Segment Start: EXTRACTED RECORDS
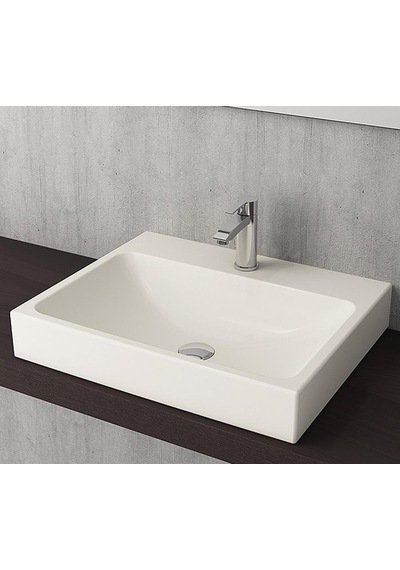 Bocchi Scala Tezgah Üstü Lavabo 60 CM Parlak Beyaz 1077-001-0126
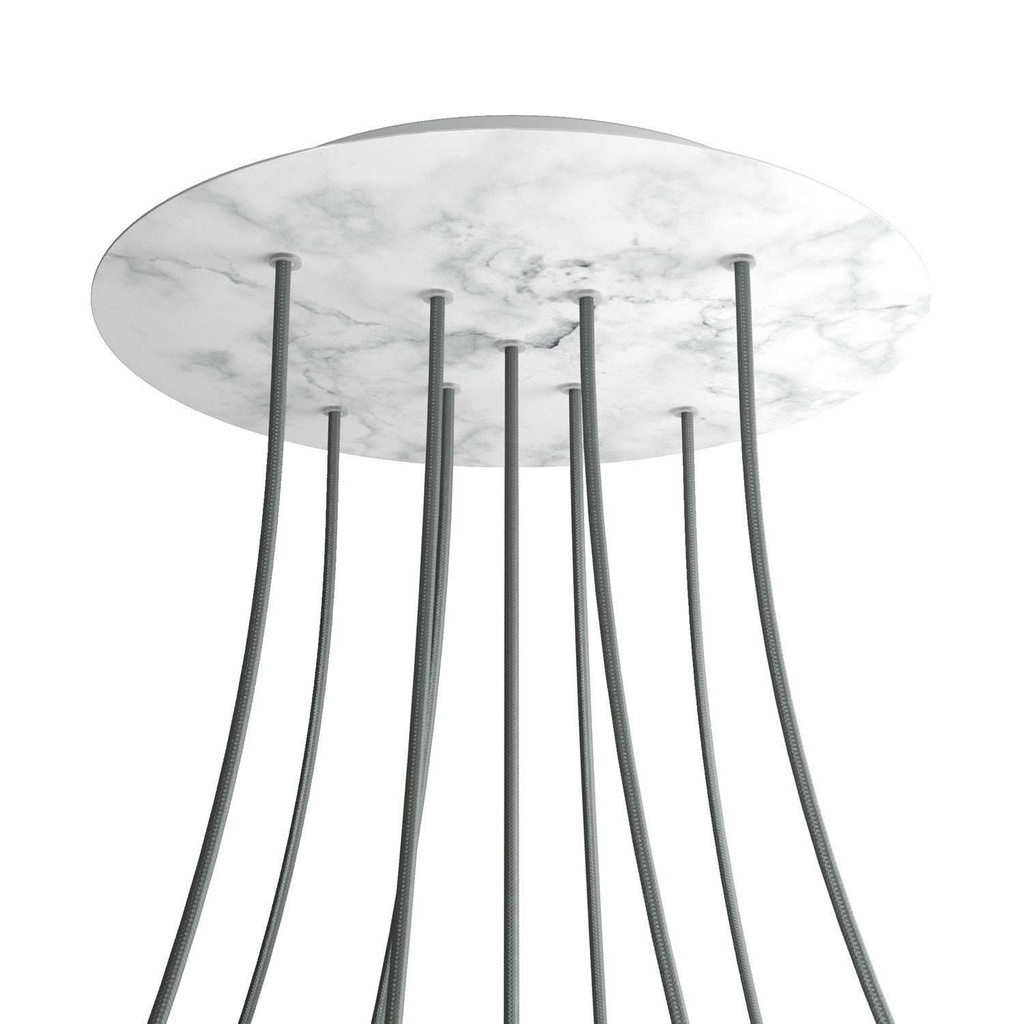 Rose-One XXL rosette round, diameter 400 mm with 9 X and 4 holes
Segment End: EXTRACTED RECORDS
Segment Start: EXTRACTED RECORDS
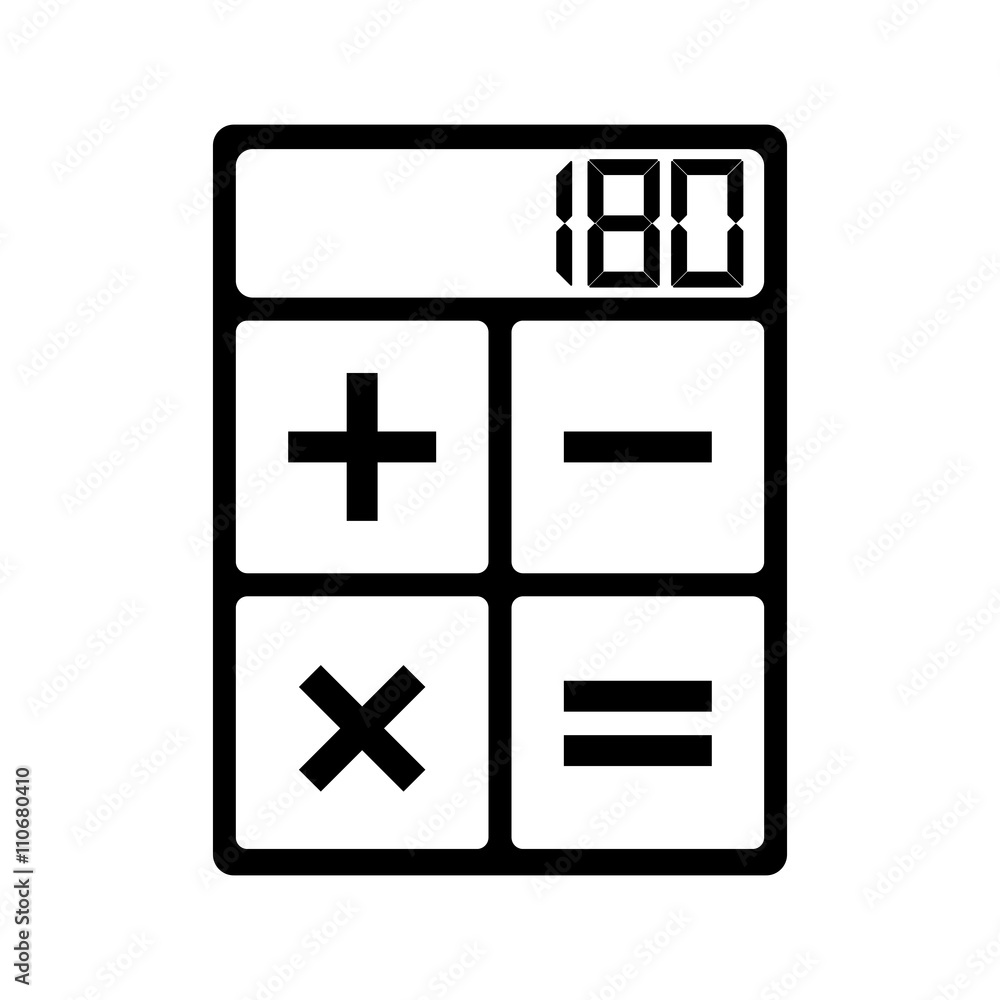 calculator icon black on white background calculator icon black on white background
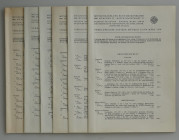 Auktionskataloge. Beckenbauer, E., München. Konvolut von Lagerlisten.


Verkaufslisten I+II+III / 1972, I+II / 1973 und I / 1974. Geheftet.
Segment End: EXTRACTED RECORDS
Segment Start: EXTRACTED RECORDS
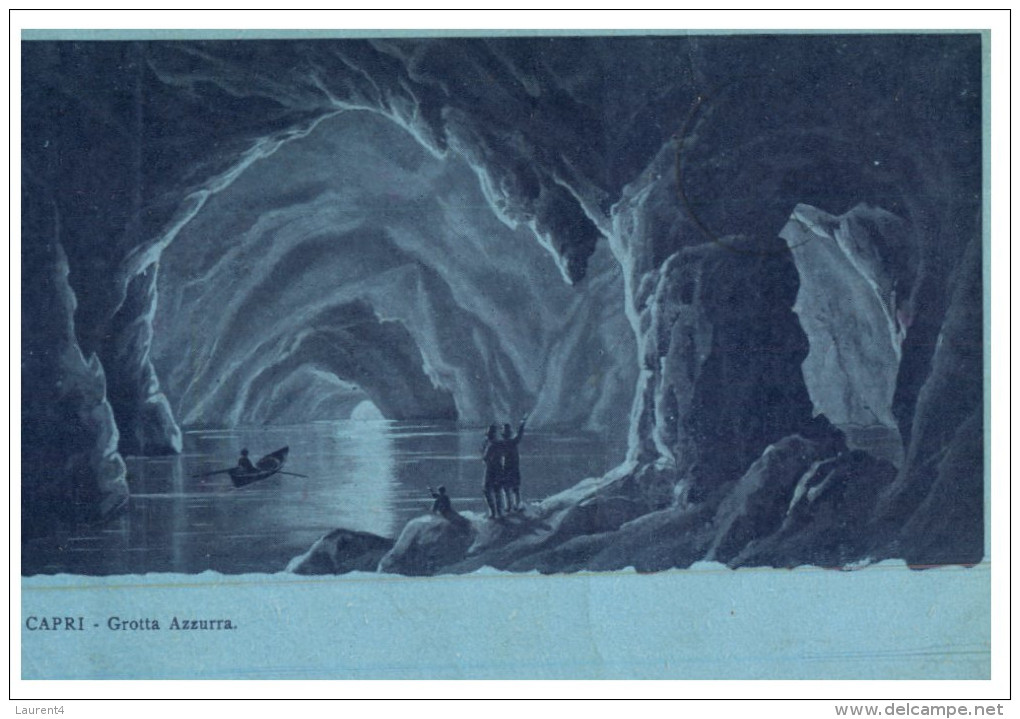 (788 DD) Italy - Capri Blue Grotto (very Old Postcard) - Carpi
Segment End: EXTRACTED RECORDS
Transcribe only this stretch of the data: the line with "Auktionskataloge. Beckenbauer, E., München.", the line with "Verkaufslisten I+II+III /", and every line in between. Leave out the pictures.

▸ FINISHED TASK
 Auktionskataloge. Beckenbauer, E., München. Konvolut von Lagerlisten.


Verkaufslisten I+II+III / 1972, I+II / 1973 und I / 1974. Geheftet.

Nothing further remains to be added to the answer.